In another large bowl add the oil, eggs, sour cream and buttermilk. Mix until smooth and well combined. Alternate mixing the dry ingredients into the wet with the hot coffee (dry, coffee dry, coffee dry) until smooth and well combined.
Evenly pour the chocolate cake batter into each of the prepared cake pans. Bake the chocolate cakes for about 35 - 40 minutes. Cool the cakes in the pan for 15 minutes then carefully remove the cakes from the pan to cool completely.
Make the chocolate buttercream frosting. Beat the butter on medium speed until smooth and creamy. Mix in the cocoa powder, powdered sugar, vanilla extract, 3 tablespons (45 ml) milk and salt on low until mostly combined.
Smear a small amount of frosting onto the serving plate or cake stand. Place the first chocolate cake layer on top.
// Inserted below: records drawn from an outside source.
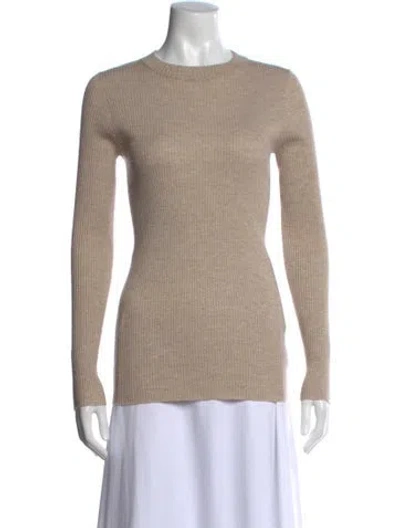 Pre-owned Brunello Cucinelli Cashmere Crew Neck Top In Brown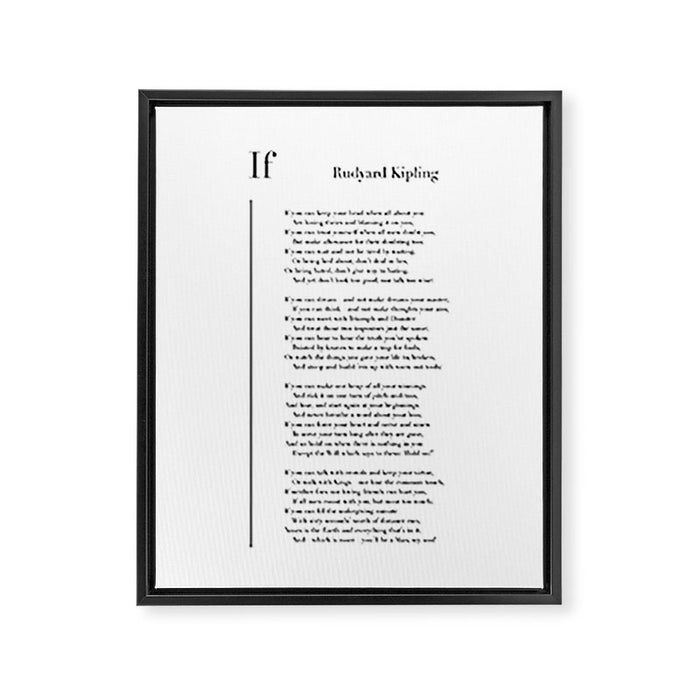 If by Rudyard Kipling Framed Canvas Print Gallery Image 1
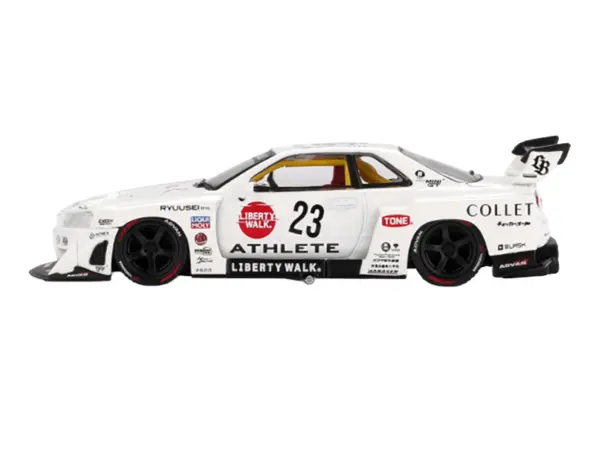 Nissan LB-ER34 Super Silhouette RHD (Right Hand Drive) #23 "ATHLETE - COLLET" White with Graphics Limited Edition 1/64 Diecast Model Car by Mini GT #2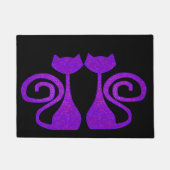 Kat met krulkat van deur deurmat (Voorkant)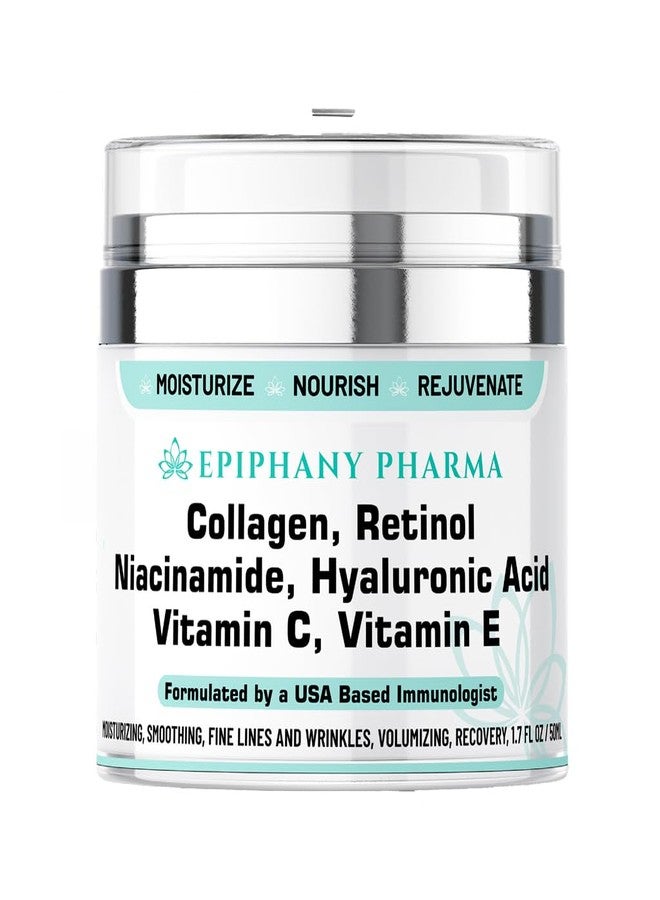 Epiphany Pharma Max Concentrated Retinol & Collagen Anti Aging Face Cream - Get Smoother Tighter Skin with Hyaluronic Acid, Niacinamide, and Vitamins C & E, For Women & Men - 1.7 FL Oz/50 ML - Image 1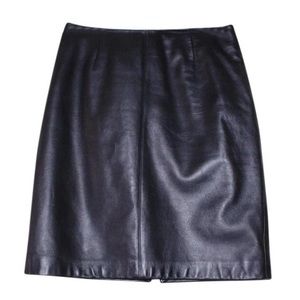100% Leather Knee Length Skirt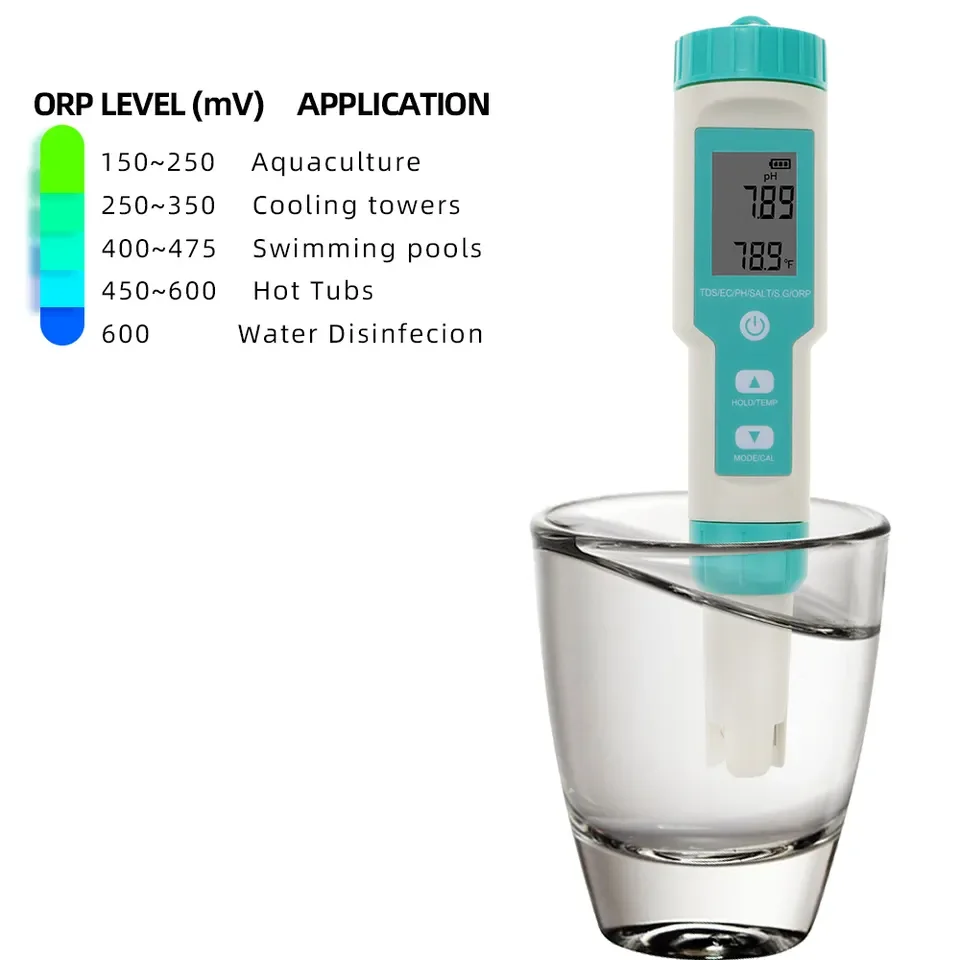 7 in 1 Water Quality Testing Pen PH TDS EC ORP Salinity S.G Temperature Water Tester PH Meter for Drinking Water Aquariums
Apply a layer of frosting to the first layer of cake. Repeat with the next two layers of chocolate cake. Place the cake in the fridge to set for about 20 - 30 minutes. Apply the rest of the frosting to the cake and return to the fridge for another 20 minutes.
Make the ganache. Pour the warm ganache over the cold and frosted chocolate cake, gently allowing the ganache to pour over the sides into a drip or to smooth into another layer of chocolate icing. Top with chocolate chips, slice and serve.